Saturday, August 6, 2011

Differentiating between Luck and Skill Part III

In my last two posts on luck in pitching, I first defined a regression model and then used individual pitchers to determine if different types of pitchers were lucky or unlucky. In this post, I am going to use all of the pitchers in the data set (those pitchers that had enough innings to qualify for the ERA title from 2002-2010), separate them into different types of pitchers, and determine whether those types were lucky or not.

The first step is to determine what a ground ball, fly ball, and strikeout pitcher looks like. To determine this, I found the 90th percentile in the data set for GB%, FB%, and K/9. I then set this number as the lowest possible value a pitcher could have in a certain year to be qualified as a type of pitcher. For example, the 90th percentile for strikeouts per nine innings was 8.63. Only 10% of the time did a pitcher strike out at least this many hitters. So, any time a pitcher struck out more than that in a season, he was qualified as a "strikeout pitcher". I also did this for ground balls (90th percentile = 52.8%) and fly balls (90th percentile = 43.3%), and found that there were 78 qualifying ground ball pitcher seasons, 75 qualifying fly ball pitcher seasons, and 77 qualifying strikeout pitcher seasons. The graph below summarizes the results.

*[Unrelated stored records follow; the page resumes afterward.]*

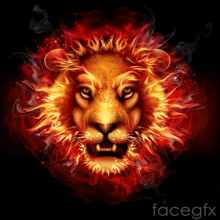 an illustration of a lion surrounded by flames with facegfx written on the bottom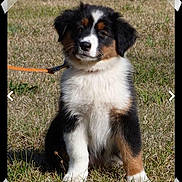 Orka a rejoint le concours — aidez-le/la à gagner de superbes lots ! australian_shepherd, bernese_mountain_dog, border_collie, carnivoran, companion_dog, dog, dog_breed, dog_breed_group, dog_like_mammal, english_shepherd, miniature_australian_shepherd, photo_caption, snout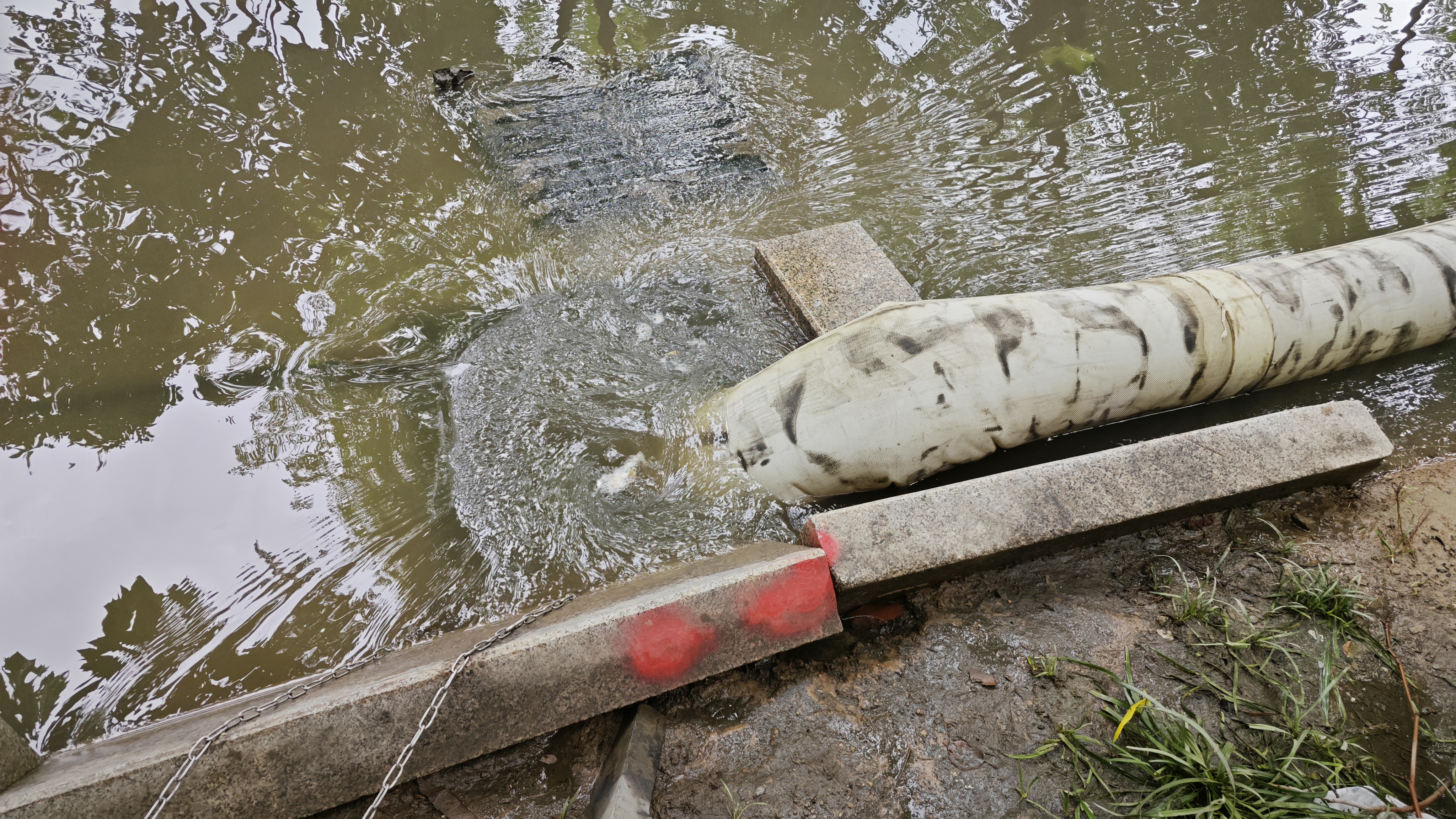 俄罗斯专享会294(中国游)官方网站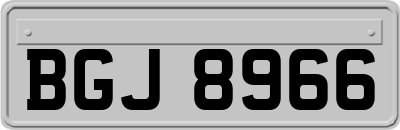 BGJ8966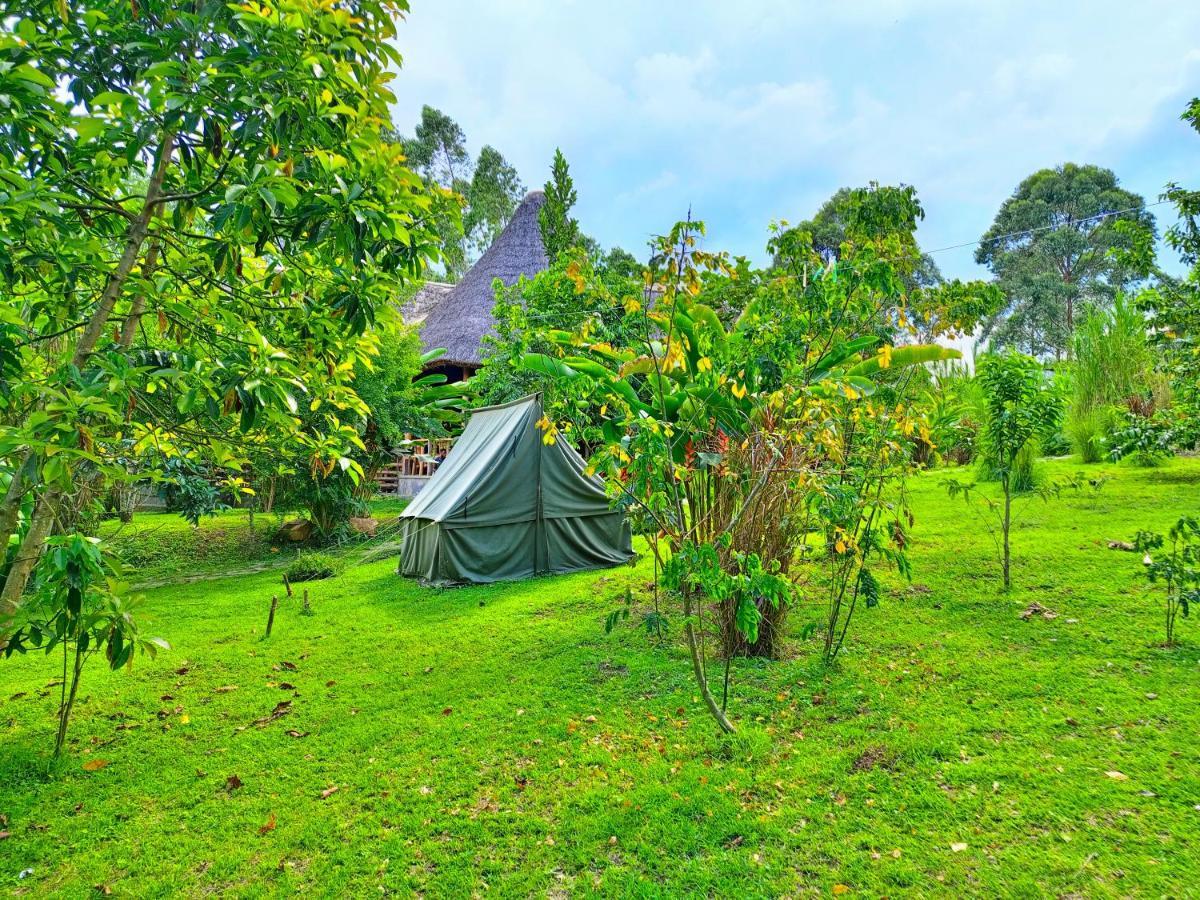 Chimpanzee Capital Safari Lodge Bigodi Exterior photo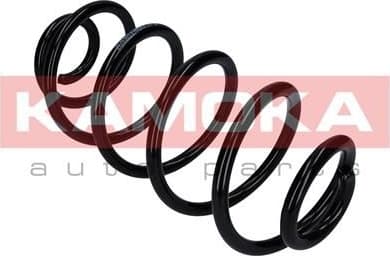 Coil spring 2120303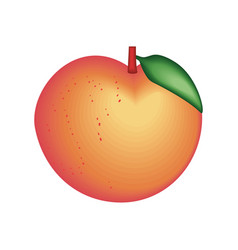 Realistic Fruit Peach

In any season, there has been between 4 and 15 total pitchers that qualify as one of the types. The rest of the pitchers were set as "No Type", and will be ignored for the study. It is interesting to see how the number of groundball, flyball, and strikeout pitchers fluctuate over the past decade. One would think that they would remain relatively constant, as it is mostly the same pitchers pitching year to year.

One reason I can think for the fluctuation is the offensive environment for each year. If there are more runs scored, than there is better hitting, which means worse pitching, which should lead to less pitchers classified as types (this is because I classified based on the 90th percentile of all years, so if there is better pitching, there should be less pitchers that are better than the 90th percentile in that specific year). This is especially true with strikeout pitchers. When we add runs per game on to the graph, we get the following:


We see the the inclusion of R/G slightly explains the fluctuations, as generally the higher the R/G, the lower the amount of pitchers qualified, especially strikeout pitchers. The other fluctuations I believe are due to luck, and determining the answer to that question is not the purpose of this post.

The first group of pitchers I am going to look at are groundball pitchers. The graph below shows both the predicted and actual ERAs by year for ground ball pitchers. Although the points are not paired, which makes the graph less meaningful, we can still use it to figure out some important things.


We can see the range of ERAs for groundball pitchers, as well as any outliers, which would show luck. Most years, the average ERA tends to be slightly below 4.00, but in some years (2003) it is much lower, and in some (2004) it is much higher. Overall, the actual ERA for groundball pitchers was 3.62 and the predicted ERA was 3.63, showing just the slight bit of luck. The model seems to predict fairly well the ERA of a groundball pitcher, but we cannot yet make any significant conclusions about the luck of a groundball pitcher.

Since the mean ERAs don't tell us much about the luck of a groundball pitcher, another measure might. If we look at each individual season (78 in total), we find that there were 34 cases where the actual ERA < predicted ERA, showing that the pitcher was lucky. The other 44 cases showed the pitcher to be unlucky (actual ERA > predicted ERA), meaning that 43.6% of the time, a groundball pitcher will experience a lower ERA than expected. This agrees with the previous conclusion in my last post, showing that Derek Lowe, representing groundball pitchers, was unlucky.

The next group of pitchers I am going to look at are flyball pitchers. The graph below is the same as the one above for flyball pitchers, and although it does look very similar, there are some slight differences.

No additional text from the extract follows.